# Stuck on windows 10 logo on start up!



## DarienJMM (Mar 12, 2017)

Hello, I have factory reset my PC because my computer would not boot past the windows 10 logo on boot.
It still does this and I have tried booting up from a usb with a fresh new windows 10 installed on it but it does the same issue.

If I turn it off and back on after it freezes it says preparing automatic repair and the gets stuck just like the windows logo.

Does anyone know why this is happening and how I can fix this?

If you need anymore details let me know


----------



## flavallee (May 12, 2002)

> I have factory reset my PC because my computer would not boot past the windows 10 logo on boot.


If that's a factory-brand computer that came with a built-in factory restore partition, what brand name and model name and model number is it?
What Windows version and bit number did it originally come with?

---------------------------------------------------------------


----------



## DarienJMM (Mar 12, 2017)

flavallee said:


> If that's a factory-brand computer that came with a built-in factory restore partition, what brand name and model name and model number is it?
> What Windows version and bit number did it originally come with?
> 
> ---------------------------------------------------------------


I'm not sure.

But I have had this PC for over a year, It is a custom build Windows 10 PRO 64bit
i7 5930k processor
980ti graphics card

It kept freezing on the boot up logo but when I unplugged my plug from my computer as if I had a power cut it repaired windows and worked for a few days then did it again.
I used the windows 10 reset option in settings to reset my PC but it still does the same issue.

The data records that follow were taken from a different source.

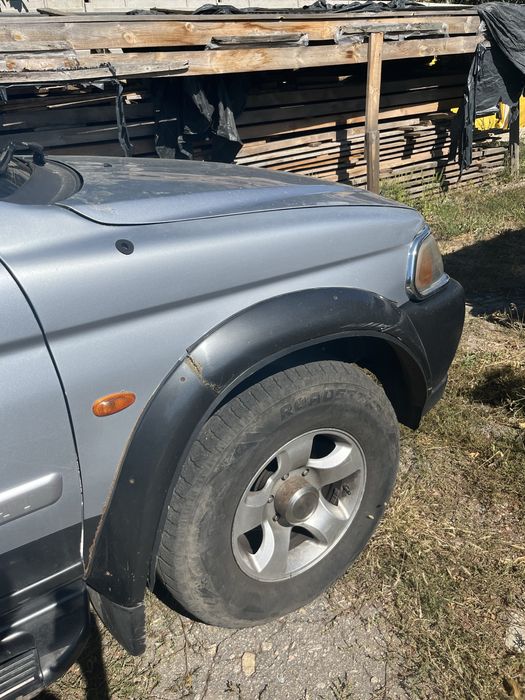 Mitsubishi pajero sport 2004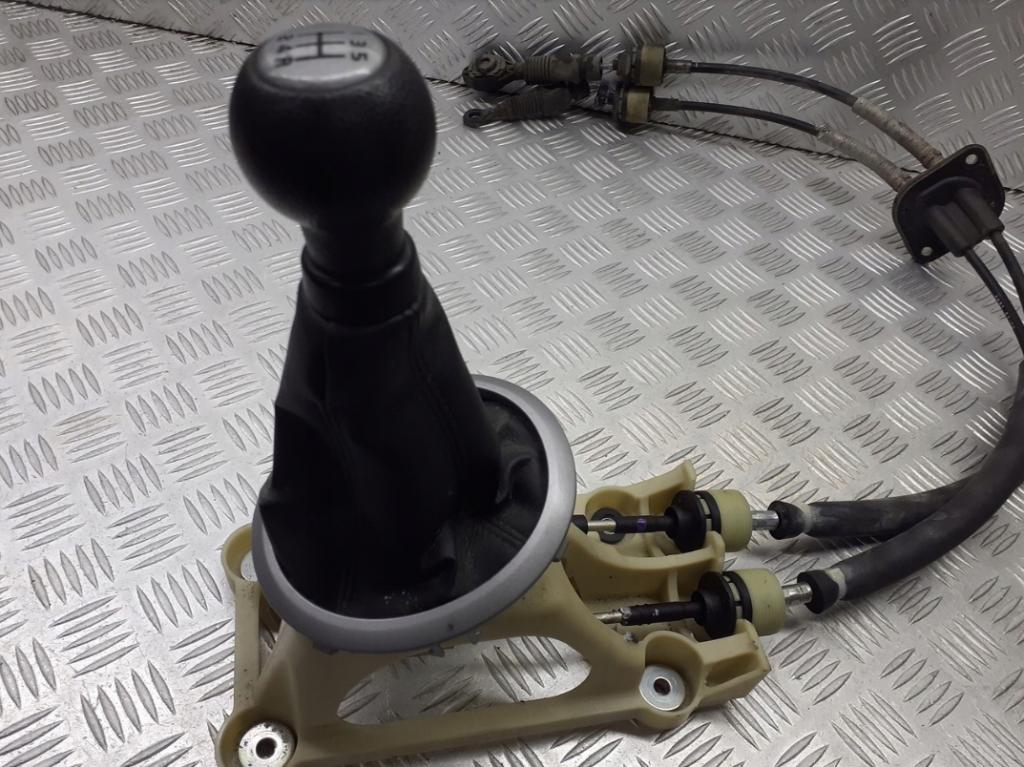 Suzuki Swift Mk6 2005-2010 1.3 16V - 91 KM manual 67 kW 1328 cm3 Kulisa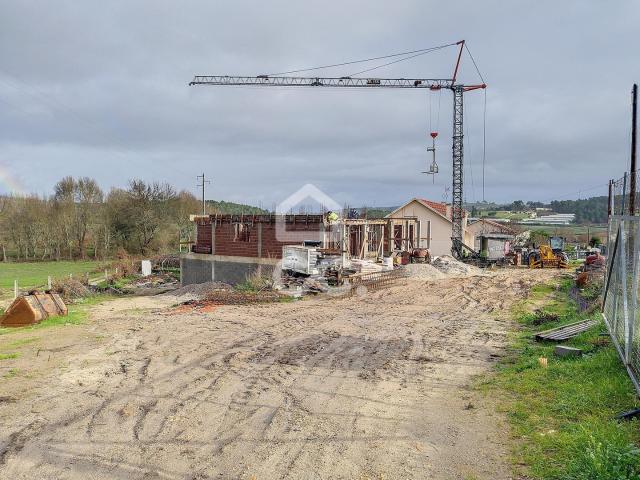 Moradia em Construção na Periferia da Cidade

However I am currently using this PC now because it randomly doesn't get stuck and works fine. I really don't know the issue.


----------



## flavallee (May 12, 2002)

If that's not a factory-brand computer(Acer, Dell, HP, Toshiba, etc.), it wouldn't have a factory restore/system recovery partition, so there's no way that you could've "factory reset" it.

If someone custom-built it for you and installed Windows 10 Pro 64-bit in it, I would assume you were given something to reinstall it if it became necessary.

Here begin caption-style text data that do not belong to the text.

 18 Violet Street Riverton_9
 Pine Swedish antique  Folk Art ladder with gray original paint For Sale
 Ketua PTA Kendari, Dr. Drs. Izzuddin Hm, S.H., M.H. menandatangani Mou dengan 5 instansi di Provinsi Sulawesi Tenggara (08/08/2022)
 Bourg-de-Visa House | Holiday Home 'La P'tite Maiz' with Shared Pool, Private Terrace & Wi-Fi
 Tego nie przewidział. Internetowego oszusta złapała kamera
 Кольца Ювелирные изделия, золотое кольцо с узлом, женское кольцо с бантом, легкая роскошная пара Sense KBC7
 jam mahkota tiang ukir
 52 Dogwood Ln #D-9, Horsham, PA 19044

There are a number of unknowns at this point, so it may become difficult to help you.

---------------------------------------------------------------


----------



## DarienJMM (Mar 12, 2017)

flavallee said:


> If that's not a factory-brand computer(Acer, Dell, HP, Toshiba, etc.), it wouldn't have a factory restore/system recovery partition, so there's no way that you could've "factory reset" it.
> 
> If someone custom-built it for you and installed Windows 10 Pro 64-bit in it, I would assume you were given something to reinstall it if it became necessary.
> 
> ...


When I say factory reset i meant the windows reset in the windows 10 settings. That was my bad wording sorry.
However I do not have a disk tray so the CD they gave me is useless. They put one in to install windows 10 pro but then removed it.


----------



## flavallee (May 12, 2002)

Go HERE to download save the 17.4 MB-size *Media Creation Tool* app (current version is 10.0.14393.591).










It will allow you to download and save the appropriate Windows 10 .ISO file that you need.
Once that's done, you can create a bootable DVD and/or bootable USB thumb drive so you can do a Windows 10 clean install whenever you need to.

-------------------------------------------------------------


----------



## DarienJMM (Mar 12, 2017)

Thank you for the help but I removed me Windows drive and already did what you just suggested and in using a different ssd now and it works so I think there was something wrong with my other ssd


----------



## flavallee (May 12, 2002)

I know nothing about solid state hard drives, so I can't comment on them.

---------------------------------------------------------------


----------